Abbiamo parlato di metamorfosi. E di metamorfosi si tratta, considerando chi era e chi è adesso Zelensky. La gente lo ha conosciuto come Sluha Narodu, ovvero il «Servitore del popolo», perché così si intitolava la serie televisiva interpretata da questo attore, balzato agli onori della presidenza senza nessuna esperienza politica e amministrativa, visto che è così che questo comedian di origine ebraica e di lingua russa nel 2019 è salito al potere a quarantun anni sbaragliando il presidente uscente Petro Porošenko: un oligarca, per battere il quale Zelensky ha avuto anch’egli bisogno del sostegno di un altro oligarca, il banchiere amico e socio in affari Igor Kolomoisky, ex governatore dell’Oblast di Dnipropetrovsk (oggi Dnipro), fondatore e presidente della PrivatBank, un istituto messo sotto inchiesta dal Fondo Monetario Internazionale.

Quanto ai suoi esordi come presidente, all’inizio Zelensky ha lasciato dubbiosi i più: un po’ populista e un po’ troppo giacobino, promotore di una crociata contro le élites, contro la corruzione, contro le agenzie di rating internazionali e contro gli oligarchi che lo hanno preceduto e che tuttora popolano la mappa del potere nel Paese. Un Saint Just in miniatura dal vorace spirito moralizzatore.

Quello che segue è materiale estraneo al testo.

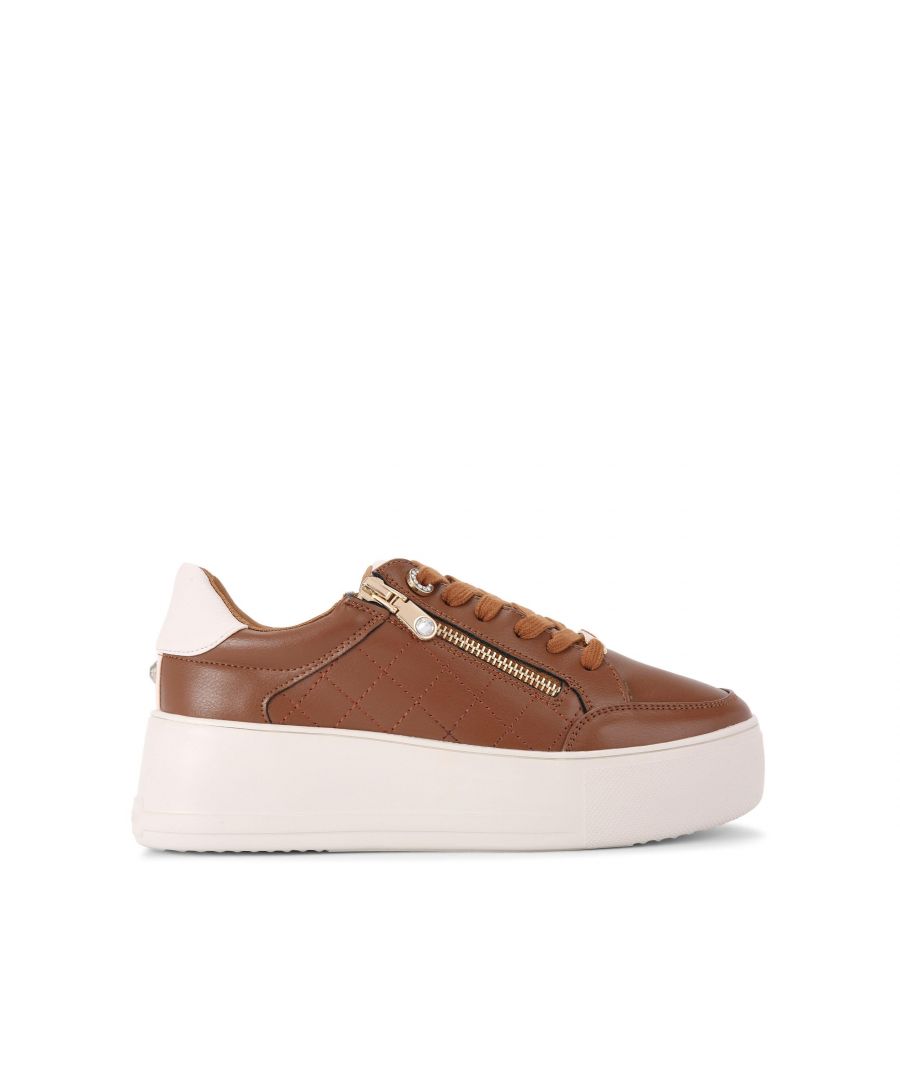 Carvela Womens Jive Zip Sneakers - Tan - Size UK 7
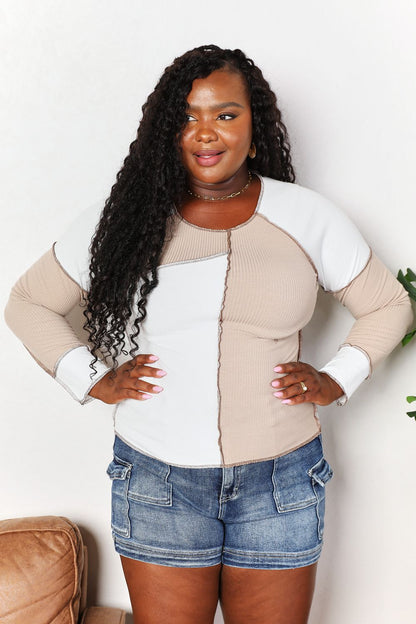 Khaki double take color block exposed seam top by Trendsi, featuring a stylish casual design with visible seam details.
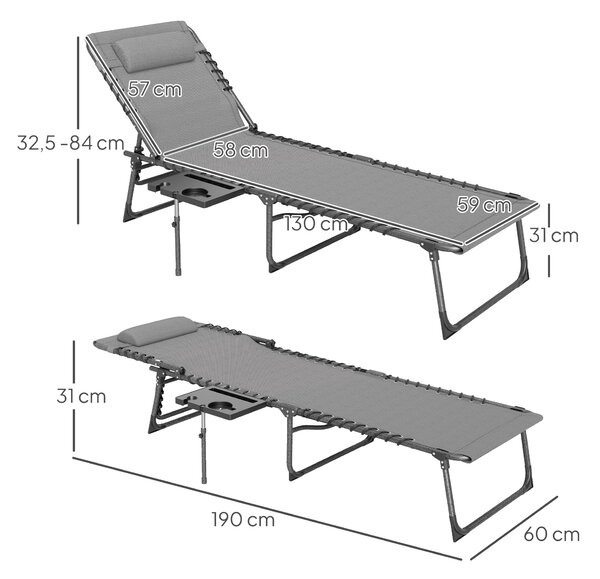 Outsunny Sdraio da Giardino Pieghevole e Reclinabile a 5 Livelli con Tavolino Laterale e Tasca, 60x190x31 cm, Grigio e Nero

Il che non gli ha impedito di appoggiare la legalizzazione dell’aborto e della cannabis terapeutica, la legalizzazione della prostituzione e del gioco d’azzardo. Non trascurando di dare maggior vigore alla marcia di avvicinamento alla Ue e alla Nato. Un crimine imperdonabile per la Russia, che in epoca sovietica all’Ucraina affidava lo sterminato granaio e parte dell’arsenale nucleare e che di fronte al pericolo di una transizione democratica vissuta come un supremo tradimento ha cominciato a smembrarne i pezzi più pregiati del vasto territorio, dalla Crimea al Donbass.

Faceva ridere e sorridere da Kiev a Mosca, da Kharkiv a San Pietroburgo lo Zelensky guitto e sagace che partecipava al «Ballando con le stelle» in versione ucraina e interpretava in tv un professore di liceo che veniva chiamato a sorpresa a guidare il Paese. Gli anni a venire diranno se vi sia stato un che di misteriosamente provvidenziale nella sua bizzarra ascesa al potere.

Anche perché il comico-presidente si è rivelato di insospettabile fibra virile, una sorta di antieroe che dalla risata di Aristofane si è calato senza sforzo nell’epos omerico, dal cabaret alle trincee del Donbass, dalla clownerie al sereno vaticinio consegnato via zoom all’ultimo vertice dell’Unione Europea il 25 febbraio scorso: «Forse è l’ultima volta che mi vedete vivo».

Una mutazione quasi antropologica – pur anche veicolata dalla predisposizione al travestimento scenico –, che da attor comico a presidente lo ha trasformato alla fine in un subcomandante zapatista in felpa verde-oliva, la barba malrasata e per contro un’inimmaginabile abilità nell’utilizzo dei social media e nella capacità di tessere relazioni internazionali passando ore concitate a contatto con Joe Biden, Macron, Draghi (con cui si è concesso un pepato battibecco), Erdogan, la pilatesca Europa che quasi fino all’ultimo lo ha lasciato solo.

Per ora, il «capo della banda di drogati e di nazisti» (così lo ha definito Putin e così lo dipinge la propaganda russa) è vivo e vegeto. «Non credete alle fake news – dice –: sono ancora qui".